→ **TASK ITEM**: Take the line containing "We also offer" and each line after it through the end of the data below, and return them exactly, minus any pictures.

→ **STORED DATA**:
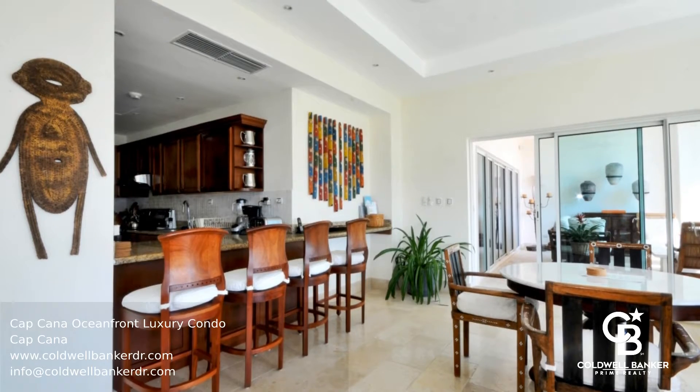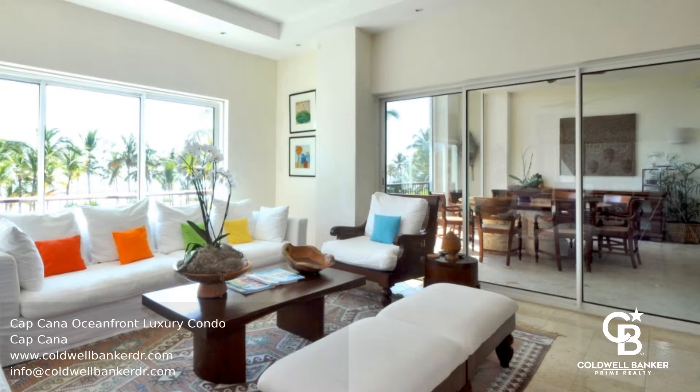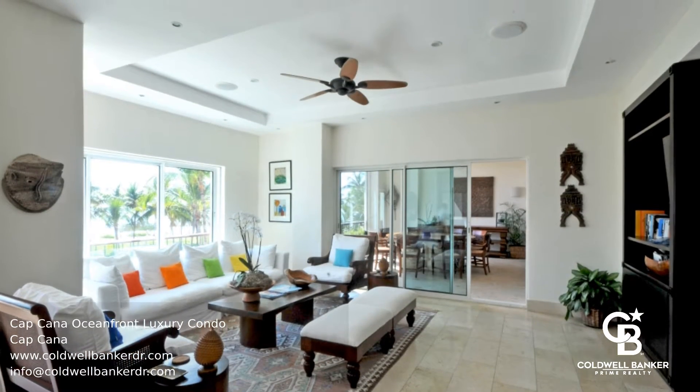This unit features two master suites, two additional bedrooms, four full bathrooms, a half bathroom, and an open concept kitchen, living, and dining room, plus a large sun terrace.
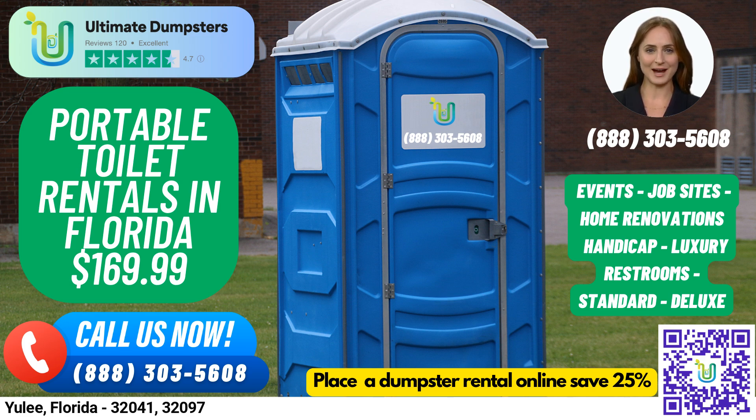We also offer a variety of other services that can be combined with our portable toilet rentals, such as mobile storage units, temporary fencing, commercial weekly garbage, and more. Using our online portal, you can easily check on your order status and make changes, and every client gets a dedicated project manager to ensure everything goes smoothly.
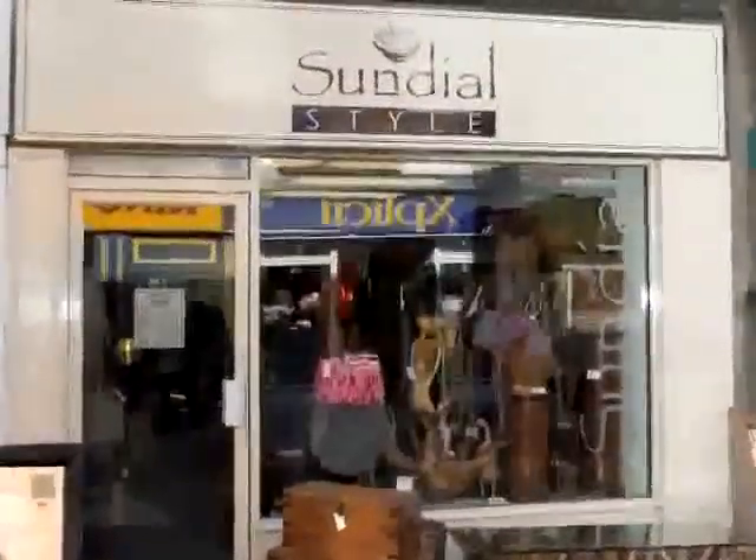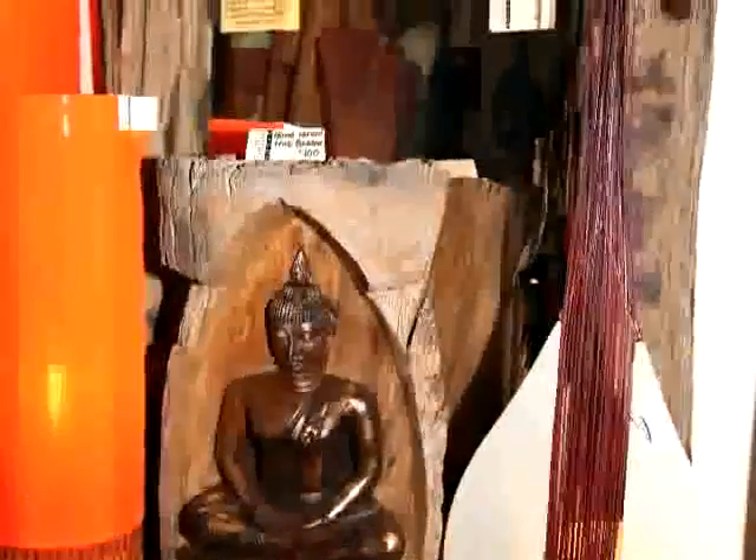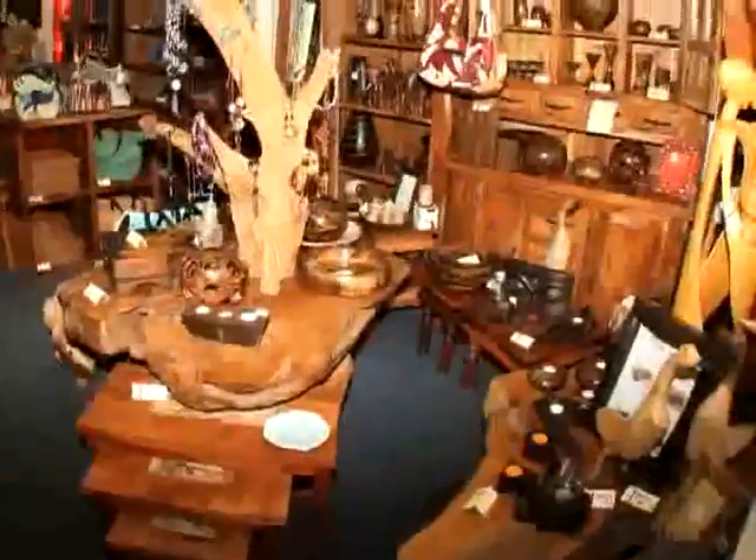Sundial Style: fabulous furniture and interiors, combining contemporary styling with quality Indian and Indonesian hardwoods in acacia and shisham. Original contemporary art, antique driftwood mirrors, and unique teak root tables.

→ **ANSWER**:
We also offer a variety of other services that can be combined with our portable toilet rentals, such as mobile storage units, temporary fencing, commercial weekly garbage, and more. Using our online portal, you can easily check on your order status and make changes, and every client gets a dedicated project manager to ensure everything goes smoothly.
Sundial Style: fabulous furniture and interiors, combining contemporary styling with quality Indian and Indonesian hardwoods in acacia and shisham. Original contemporary art, antique driftwood mirrors, and unique teak root tables.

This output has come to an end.